JAKARTA, IN – Dualisme peraturan terkait pemasangan reklame di jembatan penyeberangan orang (JPO) di Jakarta menimbulkan kebingungan di masyarakat dan kalangan pengusaha reklame. Peraturan yang dimaksud adalah Peraturan Daerah (Perda) Ketertiban Umum dan Perda Penyelenggaraan Reklame, yang memiliki ketentuan saling bertolak belakang.
Jika melihat kedudukan hukumnya, Perda Ketertiban Umum memang sangat tegas melarang reklame di JPO. Pada Pasal 21 poin A disebutkan bahwa setiap orang atau badan dilarang mencoret-coret, menulis, melukis, atau menempel iklan di dinding atau di tembok, jembatan lintas, jembatan penyeberangan orang, halte, tiang listrik, pohon, kendaraan umum, dan sarana umum lainnya.
Namun, dalam Perda Penyelenggaraan Reklame Pasal 13 disebutkan bahwa setiap penyelenggaraan reklame pada sarana dan prasarana kota di kawasan (zoning) peletakan titik reklame sebagaimana dimaksud dalam Pasal 5 ayat (2), harus mendapat izin tertulis dari gubernur atau pejabat yang ditunjuk. Aturan ini seolah memberikan peluang untuk memasang reklame di JPO, selama ada izin dari pihak berwenang.
Ketidaksesuaian antara kedua aturan tersebut memunculkan kerancuan, terutama bagi pelaku usaha reklame. Di satu sisi, mereka dikenakan kewajiban pajak atas pemasangan reklame, tetapi di sisi lain, keberadaan reklame di JPO dianggap melanggar aturan. Hal ini juga membuat aparat penegak aturan di lapangan menghadapi dilema dalam mengambil tindakan.

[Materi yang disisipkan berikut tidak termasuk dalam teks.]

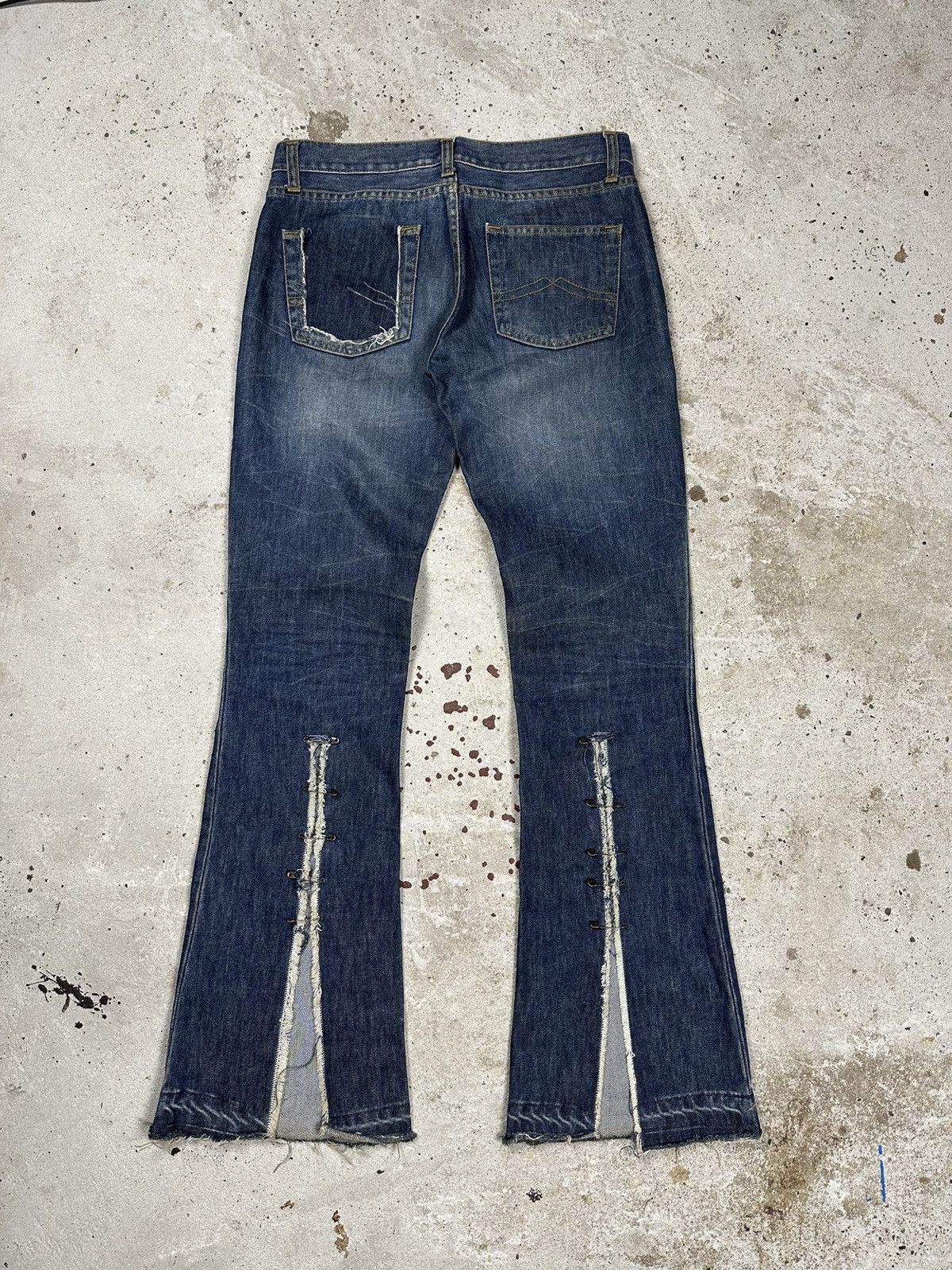 If Six Was Nine × Japanese Brand × Le Grande Bleu (L.G.B.) Vintage Y2K Reworked Flare Boot Cut Distressed Jeans Japan Size US 30 / EU 46 - 1 Thumbnail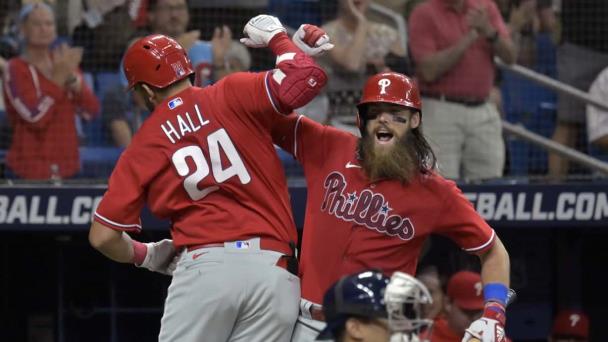 Filis completan la barrida al superar en la 11ma a los Rays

Dari perspektif tata ruang, reklame di JPO sering dianggap mengurangi estetika kota dan dapat membahayakan keamanan pengguna jalan jika pemasangannya tidak memenuhi standar. Namun, pemasangan reklame juga menjadi salah satu sumber pendapatan pajak daerah yang signifikan.
Hingga saat ini, reklame di JPO tetap menjadi perdebatan di berbagai kalangan. Harmonisasi regulasi menjadi kebutuhan mendesak untuk memastikan semua pihak dapat memahami dan menjalankan aturan dengan baik tanpa menimbulkan konflik hukum atau kerugian.(t9)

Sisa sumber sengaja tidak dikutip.